Question to the Foreign, Commonwealth & Development Office:

To ask the Secretary of State for Foreign, Commonwealth and Development Affairs, with reference to the Windsor Framework, published on 27 February 2023, CP 806, what EU requirements and rules on Excise taxes will apply to Northern Ireland under the Windsor Agreement.


Answered by
Leo Docherty Portrait
Leo Docherty
Minister of State (Ministry of Defence) (Minister for the Armed Forces)
This question was answered on 10th March 2023

The Windsor Framework secures substantive, legally binding changes, ensuring that Northern Ireland will benefit from the same VAT and alcohol taxes as apply in the rest of the United Kingdom. It specifically amends the legal text of the treaty to provide these critical freedoms and to lock in flexibility for the future.

Under these arrangements, the Government will restore the integrity of the UK internal market and UK VAT and excise area:

● The Windsor Framework enables the Government to bring forward legislation to ensure that Northern Ireland will be able to apply zero rates of VAT to the installation of energy-saving materials such as heat pumps and solar panels - rectifying the disparity between Great Britain and Northern Ireland.

● It ensures that reforms to alcohol duties, due to take effect this summer, will apply right across the UK from the outset - meaning cheaper pints in pubs and a clearer set of duties overall.

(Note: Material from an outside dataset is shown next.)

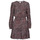Textiel Dames Korte jurken Tommy Hilfiger VISCOSE F&F KNEE DRESS LS Multicolour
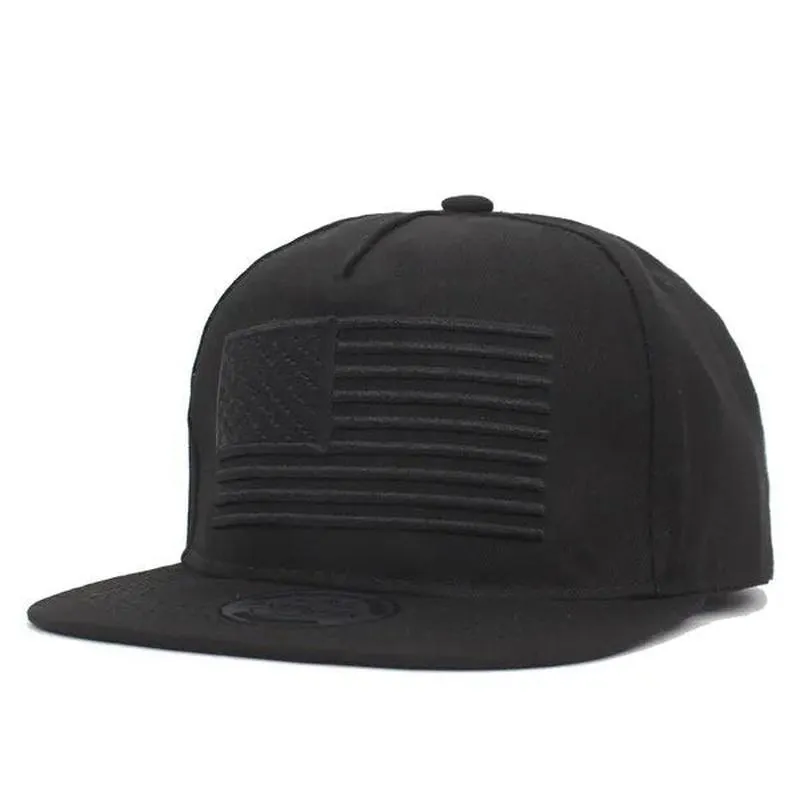 American Flag Hat With Flat Brim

● It removes the limit on the number of reduced and zero rates in Northern Ireland, ensuring parity across the United Kingdom.

● It delivers full flexibility on rates in the future, by establishing new categories that can be applied for VAT purposes where goods are connected to property or consumed in Northern Ireland.

● It protects Northern Ireland's second-hand car market into the future with a new scheme to take effect from 1 May 2023, ending two years of uncertainty for traders and consumers.

● It exempts Northern Ireland businesses from a range of bureaucratic EU rules: saving 2,000 Northern Ireland businesses from needing to register for VAT under a 2025 EU Directive; and avoiding a range of other new burdens on SMEs, and divergence with Great Britain.

● And it establishes a brand new mechanism, first proposed in the UK's 2021 Command Paper, enabling the UK and EU to look at future EU rule changes and make further legally binding changes to resolve any distortive impacts that new EU red tape could cause.